Alex Rowe


My Portable Computing Setup is Strangely Monochrome

Do you remember colors?

So I’m sitting here, doing some writing at the coffee shop like I do every day. I’ve got my Macbook. My portable headphone amp. My headphones.

And I look down and realize they’re all silver, black, and white.

Like, that photo would look nearly the same if I drained all of the color information out of it. Let’s try it.

The warm hue of the nearby sunlight is gone, and the colors on the youtube page I was looking at are gone, of course.

But my technology stuff looks exactly the same.

In a world full of RGB lights, D-brand skins, and style headphones available in every color you can think of…how did I get here? Why have I personally rebelled against colors? And why have so many other people?

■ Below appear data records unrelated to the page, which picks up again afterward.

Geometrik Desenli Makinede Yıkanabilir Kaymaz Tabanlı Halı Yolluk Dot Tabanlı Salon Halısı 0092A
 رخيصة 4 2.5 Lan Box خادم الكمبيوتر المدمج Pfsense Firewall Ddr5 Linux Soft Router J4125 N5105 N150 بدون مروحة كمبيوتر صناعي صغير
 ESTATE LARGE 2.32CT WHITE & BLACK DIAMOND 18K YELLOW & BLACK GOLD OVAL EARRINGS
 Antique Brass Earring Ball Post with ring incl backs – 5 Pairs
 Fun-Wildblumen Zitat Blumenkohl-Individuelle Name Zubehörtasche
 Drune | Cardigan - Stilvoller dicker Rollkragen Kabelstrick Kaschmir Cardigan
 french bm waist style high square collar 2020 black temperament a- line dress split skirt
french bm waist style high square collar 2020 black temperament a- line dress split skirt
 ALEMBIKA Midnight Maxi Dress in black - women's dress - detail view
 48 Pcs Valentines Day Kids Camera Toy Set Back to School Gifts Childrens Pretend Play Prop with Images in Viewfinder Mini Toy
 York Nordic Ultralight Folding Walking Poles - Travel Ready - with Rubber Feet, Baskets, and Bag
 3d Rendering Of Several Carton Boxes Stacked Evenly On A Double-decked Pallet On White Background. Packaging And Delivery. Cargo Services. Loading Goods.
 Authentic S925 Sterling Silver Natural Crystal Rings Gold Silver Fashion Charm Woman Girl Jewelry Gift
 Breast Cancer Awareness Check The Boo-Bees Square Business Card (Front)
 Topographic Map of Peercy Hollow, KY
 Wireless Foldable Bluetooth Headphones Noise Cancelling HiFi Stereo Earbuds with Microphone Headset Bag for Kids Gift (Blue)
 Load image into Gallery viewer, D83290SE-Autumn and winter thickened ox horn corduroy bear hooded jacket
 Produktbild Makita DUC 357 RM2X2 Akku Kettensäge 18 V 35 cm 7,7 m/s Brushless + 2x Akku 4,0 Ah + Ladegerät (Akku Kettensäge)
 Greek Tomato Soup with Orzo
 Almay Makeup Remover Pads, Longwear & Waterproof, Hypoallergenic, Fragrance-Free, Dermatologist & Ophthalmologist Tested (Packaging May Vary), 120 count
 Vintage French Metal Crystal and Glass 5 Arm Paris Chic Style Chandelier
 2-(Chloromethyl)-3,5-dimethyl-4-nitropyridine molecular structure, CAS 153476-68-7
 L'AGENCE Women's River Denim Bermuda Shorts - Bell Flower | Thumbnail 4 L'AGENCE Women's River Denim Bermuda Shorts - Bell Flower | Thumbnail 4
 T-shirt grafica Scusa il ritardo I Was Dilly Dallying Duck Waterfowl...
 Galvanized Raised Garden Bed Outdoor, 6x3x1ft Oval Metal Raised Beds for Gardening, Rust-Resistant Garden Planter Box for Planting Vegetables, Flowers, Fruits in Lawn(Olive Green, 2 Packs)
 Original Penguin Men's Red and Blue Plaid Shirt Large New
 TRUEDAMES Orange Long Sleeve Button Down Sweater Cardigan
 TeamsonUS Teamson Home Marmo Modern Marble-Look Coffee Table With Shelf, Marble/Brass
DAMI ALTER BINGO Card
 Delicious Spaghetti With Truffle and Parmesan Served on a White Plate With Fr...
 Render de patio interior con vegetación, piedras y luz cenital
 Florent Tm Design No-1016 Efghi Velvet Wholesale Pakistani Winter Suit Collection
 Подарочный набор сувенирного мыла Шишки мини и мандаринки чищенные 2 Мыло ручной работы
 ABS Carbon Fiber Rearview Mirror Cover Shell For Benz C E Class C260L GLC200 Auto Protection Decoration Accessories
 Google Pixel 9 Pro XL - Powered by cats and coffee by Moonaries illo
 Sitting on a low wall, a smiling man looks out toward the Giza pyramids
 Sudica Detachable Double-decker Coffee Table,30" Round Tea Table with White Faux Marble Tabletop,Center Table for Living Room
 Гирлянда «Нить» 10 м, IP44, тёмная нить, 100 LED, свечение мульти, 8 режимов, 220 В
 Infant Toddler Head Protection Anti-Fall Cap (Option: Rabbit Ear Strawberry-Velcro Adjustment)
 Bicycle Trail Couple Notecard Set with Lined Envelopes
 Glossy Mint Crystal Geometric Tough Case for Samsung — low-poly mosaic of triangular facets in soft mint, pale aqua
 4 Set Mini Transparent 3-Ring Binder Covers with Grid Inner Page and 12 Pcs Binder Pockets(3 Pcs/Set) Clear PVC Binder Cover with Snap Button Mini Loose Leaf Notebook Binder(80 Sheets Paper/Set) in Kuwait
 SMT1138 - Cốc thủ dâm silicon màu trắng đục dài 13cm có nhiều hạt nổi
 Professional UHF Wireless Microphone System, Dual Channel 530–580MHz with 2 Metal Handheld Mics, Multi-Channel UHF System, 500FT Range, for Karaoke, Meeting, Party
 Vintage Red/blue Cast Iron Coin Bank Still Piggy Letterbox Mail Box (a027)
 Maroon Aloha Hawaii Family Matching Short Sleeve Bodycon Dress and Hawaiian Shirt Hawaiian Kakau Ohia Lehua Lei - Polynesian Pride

HyperX Cloud Headphones: Black, white, and silver edition. (Actually the CloudX, but these colors were once again unchanged by the removal of the color info from the photo)

Caring about the appearance of your gear is a weird slippery slope. Once you buy one thing you like the look of, it’s easier to continue to get stuff that then matches that thing.

I really like the way the 12-inch Macbook looks. It’s probably my favorite-looking computer of all time. Because I’m not cool enough to pull off the Rose Gold or Gold colors, I got the Silver one.

Plus, that way, more accessories from non-Apple companies would actually match my computer.

It seems like Black has become the default base color for everything tech. While that’s better than the classic computer-beige of the nineties, it’s a little bit weird in a world where anything can easily be one of 16.8 million different colors.

I should probably have a whole rainbow of computer products, but I almost always gravitate towards the black or silver option. I’m already too far down this road to escape it, I guess?

The one recent exception was the blue camo version of the Logitech G433…but only because it came with an extra free accessory bag. How crazy is that? I only bought something with a fun color because it came with a free bag.

And I’m not even using those headphones to write right now.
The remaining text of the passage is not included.